Dalam panggilan telepon pada Kamis (19/6/2025), kedua pemimpin menegaskan bahwa solusi militer bukanlah jawaban dan mendesak pendekatan diplomatik untuk meredakan ketegangan.
Front Persatuan Rusia-Tiongkok Hadapi Krisis
Menanggapi eskalasi konflik dan pernyataan AS yang tidak menutup kemungkinan mendukung serangan Israel, Putin dan Xi menunjukkan solidaritas.
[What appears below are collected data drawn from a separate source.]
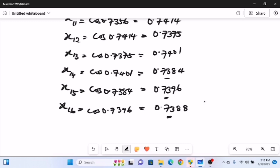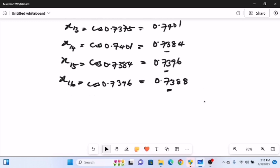The root of the given equation is x equals 0.73, correct to two decimal places. That's how to employ fixed point iteration to find the root of an equation — it is a very direct method. In the next video we will solve more examples on fixed point iteration. Please subscribe and turn on the notification bell so you don't miss our subsequent videos.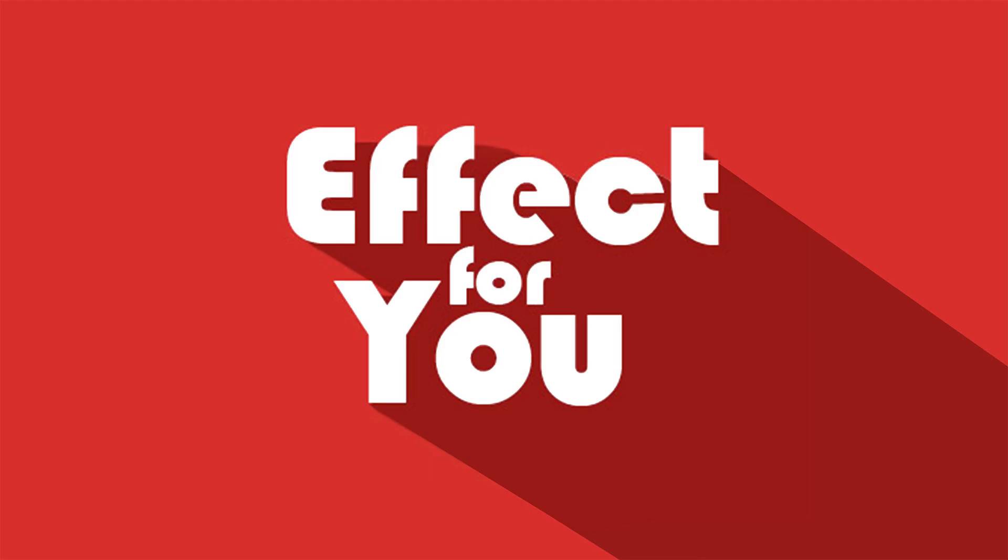Hey everyone, welcome to Effect4U channel. Today we are creating an effect like this.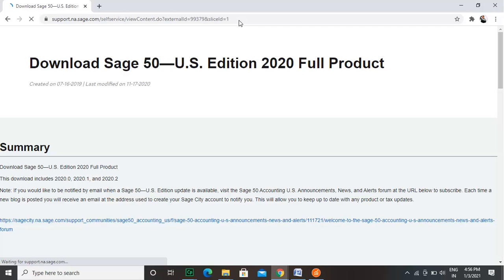With Sage 50 2020 edition, all the other older versions of 2018 and 2019 stand as obsolete.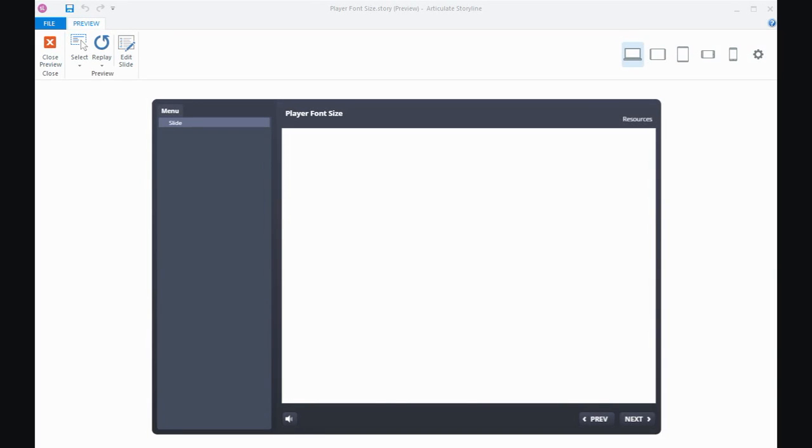Hi everyone, in this tutorial I wanted to talk about the font in the player and in particular how you can make the font size larger, which can be useful if you're trying to make your course more accessible to people that may not be able to see the standard size.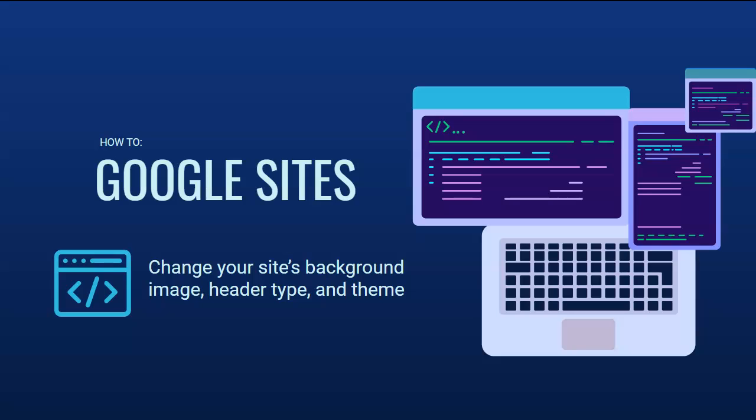To set the tone for your site, you're going to want to change your site's background image, header type, and theme.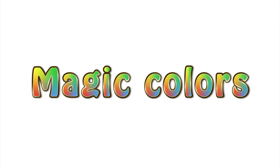Magic colors. I want to paint a rainbow, but I have only three colors: blue, yellow, and red.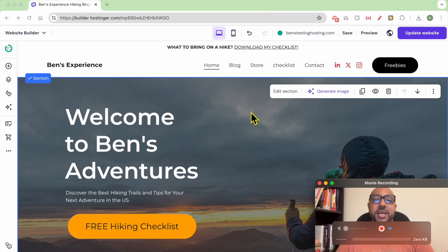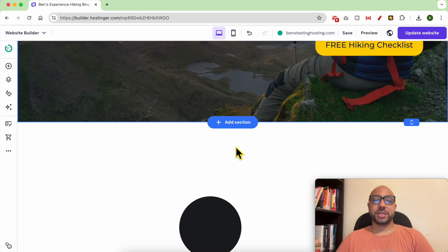Hey everyone, welcome to Ben's Experience. In this video, I will show you how to copy and paste a website element in Hostinger website builder. I am now inside my Hostinger website builder.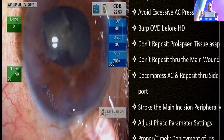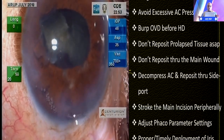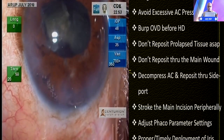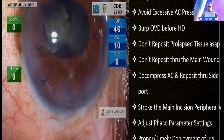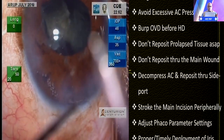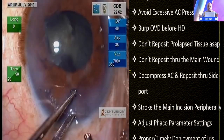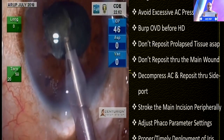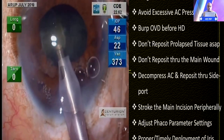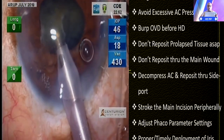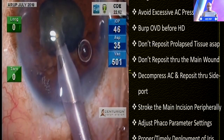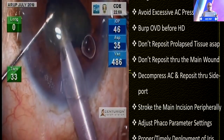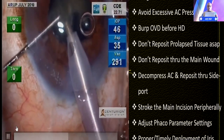A dispersive OVD is injected, ensuring the iris is pushed down, creating adequate space for the phaco handpiece to enter the anterior chamber. The bottle has been changed, and I fix the globe with my tooth forceps so there is no undue pressure on the eye, which would increase intraocular pressure and predispose to iris prolapse. Subsequently, nucleus management goes on well.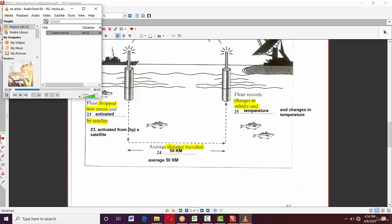For question 24, the answer is 50 kilometers. They tried to trick you by giving several numbers: 2,000 meters, 2 kilometers, the number 10 days. But the only number attached to the word 'average' was 50 kilometers. You can write KM or spell out kilometers — either is fine.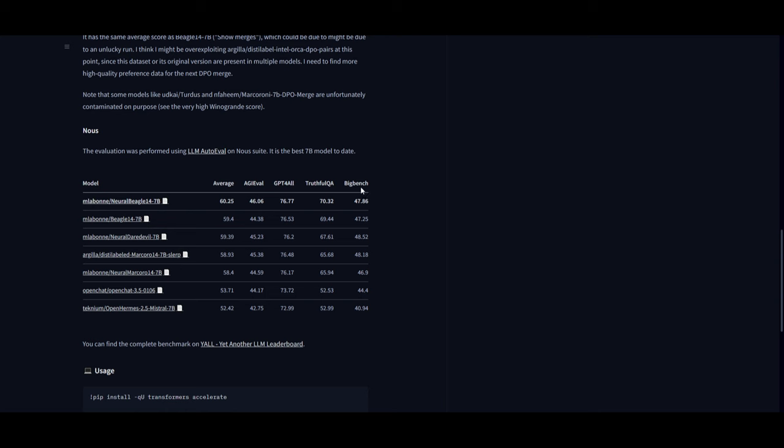The Truthful Q&A benchmark is focused on evaluating the ability to generate truthful and accurate responses. Lastly we have Big Bench, which is probably one of the best benchmarks out there. It focuses on comprehensive tasks as well as challenging tasks, and we can see that it performs quite well in mostly every category, well above these other models in the open source space.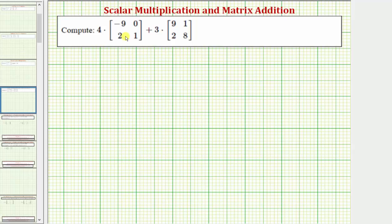We want to compute four times this two by two matrix plus three times this two by two matrix. To compute this, we first want to perform the scalar multiplication, and then add the resulting matrices.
Xi secara khusus meminta “negara-negara besar” seperti AS untuk memainkan peran konstruktif dalam meredakan situasi.
“Semua pihak, terutama Israel, harus segera menghentikan permusuhan untuk mencegah perang yang lebih luas,” tegas Xi, seperti dilaporkan media pemerintah Tiongkok, kemarin.
Sementara itu, Rusia, sekutu strategis Iran, memperingatkan bahwa serangan AS ke Iran dapat mengganggu stabilitas kawasan secara dramatis. Yuri Ushakov, ajudan Kremlin, menyatakan bahwa Putin dan Xi mengutuk tindakan Israel sebagai pelanggaran Piagam PBB dan hukum internasional. “Solusi harus dicapai melalui diplomasi, bukan kekuatan militer,” ujarnya.
Rusia Tawarkan Diri sebagai Mediator
Putin mengulang tawaran Rusia sebagai mediator dalam sengketa program nuklir Iran, sebuah langkah yang didukung Xi. Meski tawaran ini belum direspons oleh pihak lain, Rusia menegaskan komitmennya untuk menjaga dialog demi stabilitas kawasan.
“Kami yakin mediasi dapat meredakan situasi yang kini sangat genting,” kata Ushakov.
Konteks Ketegangan Global
Pernyataan Putin dan Xi juga mencerminkan ketegangan yang lebih luas di panggung global. Mereka mengkritik dinamika di KTT G7 di Kanada, yang berakhir tanpa konsensus kuat, terutama terkait dukungan untuk Ukraina. Komentar kontroversial mantan Presiden AS Donald Trump, yang mendukung Rusia dan mengkritik Iran, semakin memanaskan situasi geopolitik.
Hubungan Strategis Rusia-Iran
Kerja sama Rusia-Iran semakin erat sejak penandatanganan perjanjian strategis pada Januari 2025. Rusia terus mendukung program nuklir Iran, yang diklaim Teheran untuk tujuan sipil, dengan lebih dari 200 personel Rusia bekerja di pembangkit listrik tenaga nuklir Bushehr.
Putin menegaskan kesepakatan telah dicapai dengan Israel untuk menjamin keselamatan mereka.
Langkah ke Depan
Xi dan Putin berjanji untuk menjaga komunikasi erat dalam beberapa hari ke depan dan akan bertemu kembali pada akhir Agustus di KTT Organisasi Kerja Sama Shanghai di Tiongkok.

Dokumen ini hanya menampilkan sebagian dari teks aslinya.